Cutensor produces runtime error on linux, but not windows

Hello,
I rewrote the yolov4 directly using the cuda libs and it worked on windows. However when compiling on linux(Ubuntu 18.04) I receive runtime errors executing the function cutensorElementwiseBinary. The error code is 15, “CUTENSOR_STATUS_NOT_SUPPORTED”. Upon investigation it seems like cutensorInitTensorDescriptor filled out the descriptor differently on the two operating systems. I am using cuda 11 on both and cutensor version 1.3.3.
The code can be found here: GitHub - TKGgunter/yolov4_tiny_rs: A rust implementation of yolov4_tiny algorithm. .

Thanks for any help.

Would you be able to isolate the failing call s.t. we could have a closer look?

cuTENSOR’s logging capabilities (see User Guide — cuTENSOR 1.3.3 documentation) might be useful to you; please see if CUTENSOR_LOG_LEVEL=1 gives you more insights. If not, could you please report the output of CUTENSOR_LOG_LEVEL=5?

I’ll write a smaller standalone program later, but the relevant code links are below. The first link is to the first instance in main where the error is returned. The second is the source code of that function. The output of CUTENSOR_LOG_LEVEL=5 is given below.

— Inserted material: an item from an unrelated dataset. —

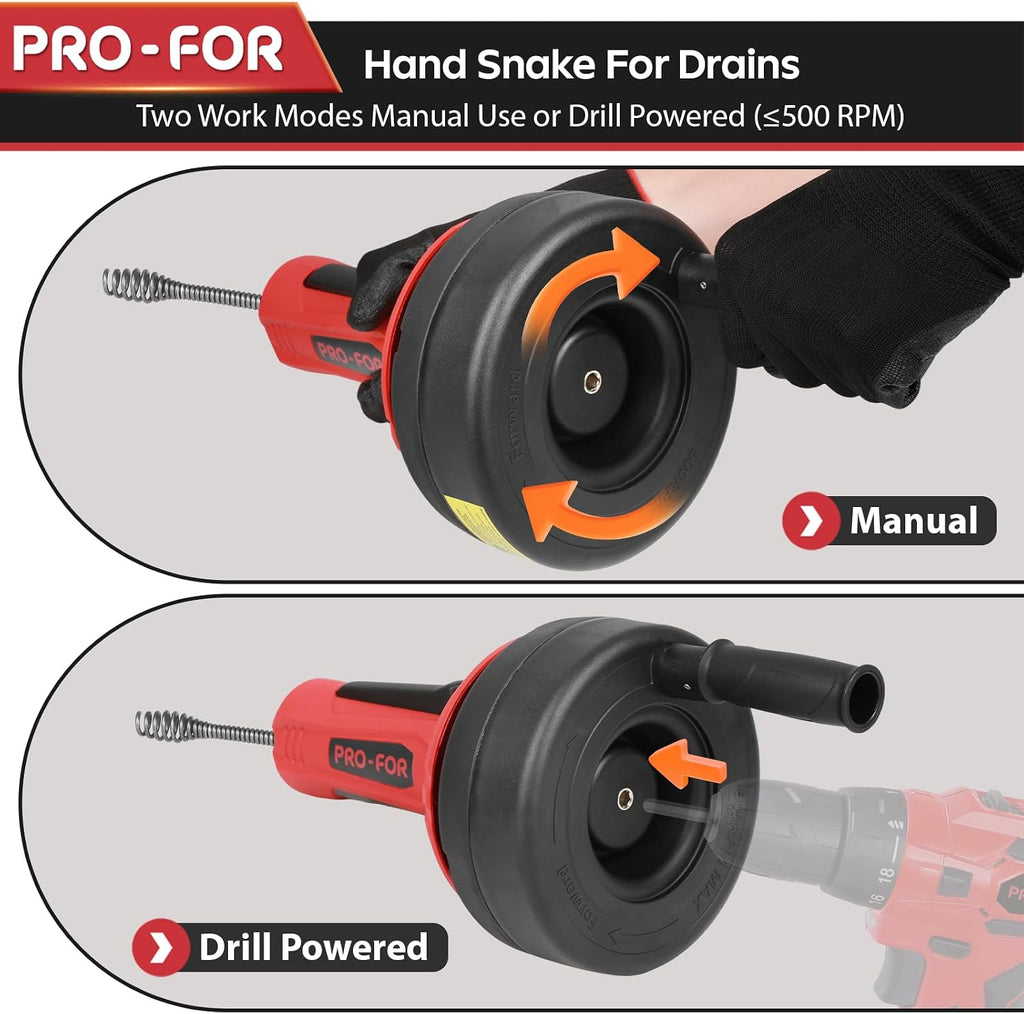Drain Auger, 16.4FT Plumbing Snake Drain Clog Remover, Manual & Drill Powered Drain Snake for 0.75–2 Inch Pipes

[2021-09-27 08:35:48][cuTENSOR][24264][Api][cutensorInitTensorDescriptor] handle=0X7FFCBB67A9D0, desc_=0X7FFCBB6D2D98, numModes=4, extent=0X560BC4D143F0, stride=0X0, dataType=0, op=11
[2021-09-27 08:35:48][cuTENSOR][24264][Api][cutensorInitTensorDescriptor] handle=0X7FFCBB67A9D0, desc_=0X7FFCBB6D3000, numModes=4, extent=0X560BC4D143F0, stride=0X0, dataType=0, op=1

useA1 useB0 useC1
-Pcs -modeC97,98,99,100 -strideC1,13,169,507, -gamma0.700000 -opC1 -Pas -modeA97,98,99,100 -strideA1,13,169,507, -alpha1.300000 -opA11 -extent100=2,99=3,97=13,98=13, -opAB3 -opABC3 -Pcomps -Relementwise

Just encase it is unclear the function of interest is

calc_elementwise_binary

An example has been write and can be found here yolov4_tiny_rs/linux_error.rs at master · TKGgunter/yolov4_tiny_rs · GitHub.
To run down load the contents of yolov4_tiny_rs/cuda11-cutensor-sys at master · TKGgunter/yolov4_tiny_rs · GitHub. and run the command

cargo run --example linux_error

A C/C++ version can be found here yolov4_tiny_rs/linux_error.c at master · TKGgunter/yolov4_tiny_rs · GitHub

Hello @pspringer , have you or someone at Nvidia been able to look into this problem? Do are there any solutions/work a rounds to this issue?